— THE INPUT —
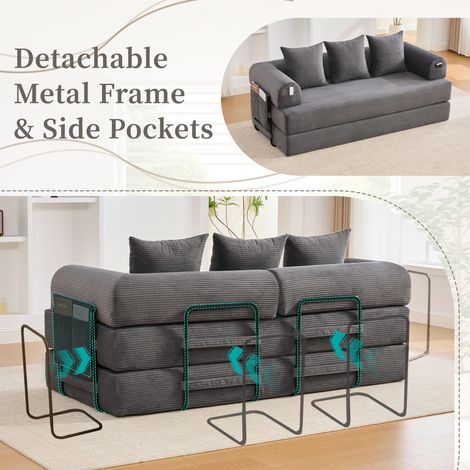 Canapé de compression à empilement possible, avec un cadre métallique robuste. Des compartiments latéraux et 3 coussins sont disponibles. Les décorations du canapé peuvent être personnalisées selon le (1/5)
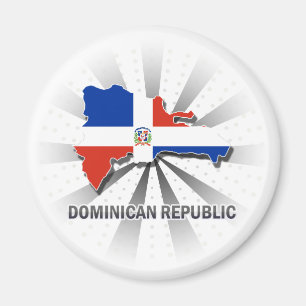 Dominikanische Republik-Flaggen-Karte 2,0 Magnet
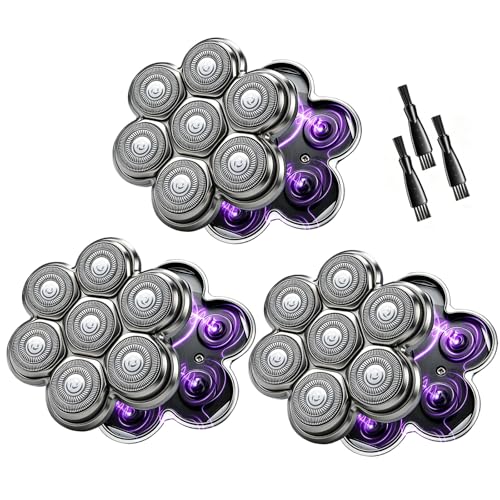 7-Blade Magnetic Replacement Shaver Heads for Bald Razor - Grey-3
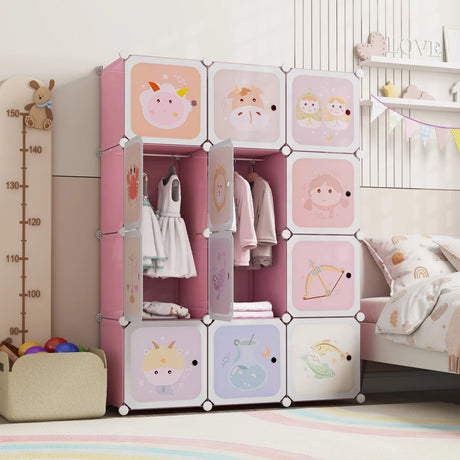 12 Cube Kids Wardrobe Closet with Hanging Section and Doors-White and Pink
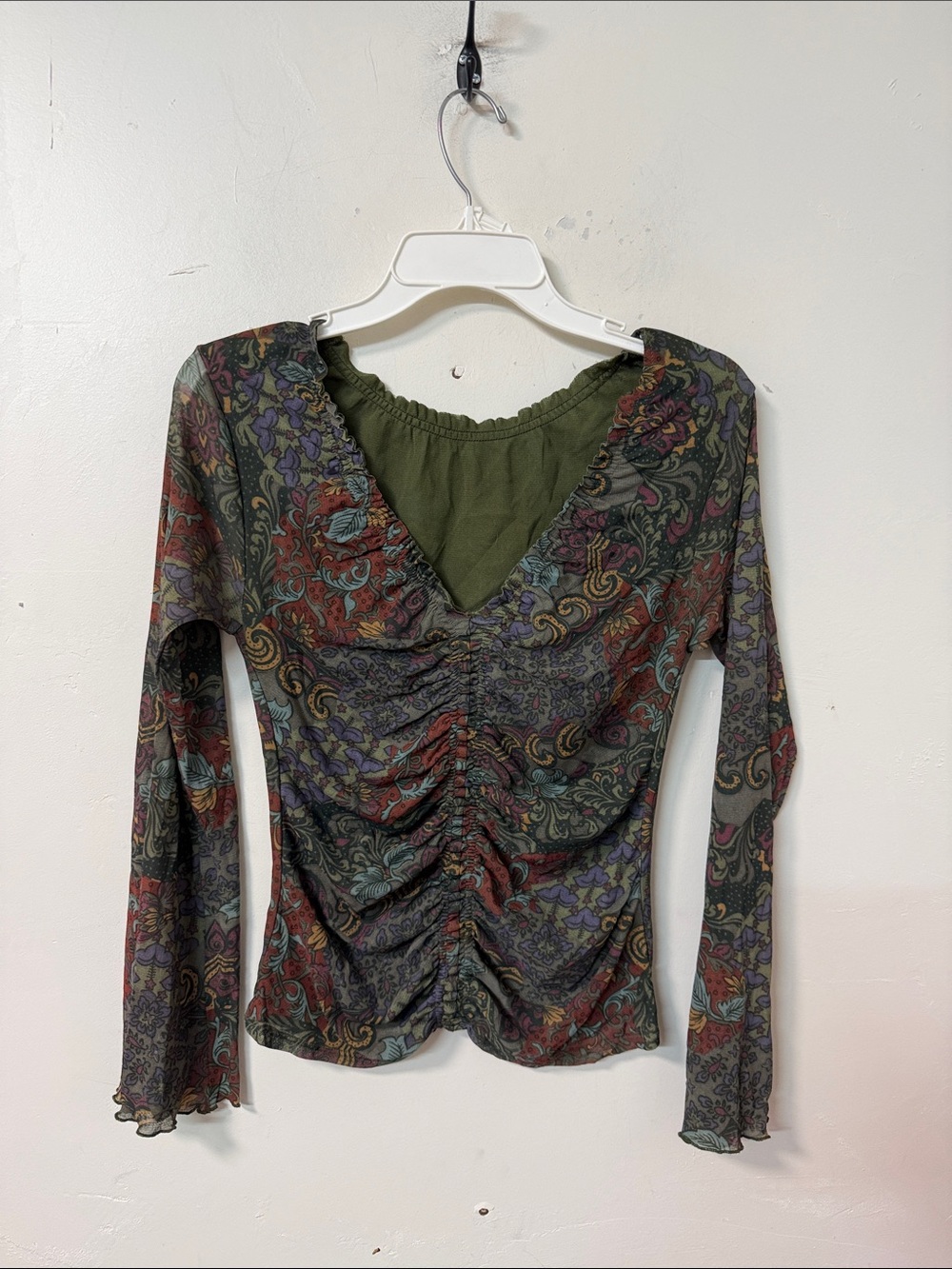 Floral Ruched Long Sleeve V-Neck Top in Olive Green Y2K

— THE PROBLEM —
Leave out the pictures, then give all the records again exactly.

— ANSWER TO THIS PROBLEM —
 Canapé de compression à empilement possible, avec un cadre métallique robuste. Des compartiments latéraux et 3 coussins sont disponibles. Les décorations du canapé peuvent être personnalisées selon le (1/5)
 Dominikanische Republik-Flaggen-Karte 2,0 Magnet
 7-Blade Magnetic Replacement Shaver Heads for Bald Razor - Grey-3
 12 Cube Kids Wardrobe Closet with Hanging Section and Doors-White and Pink
 Floral Ruched Long Sleeve V-Neck Top in Olive Green Y2K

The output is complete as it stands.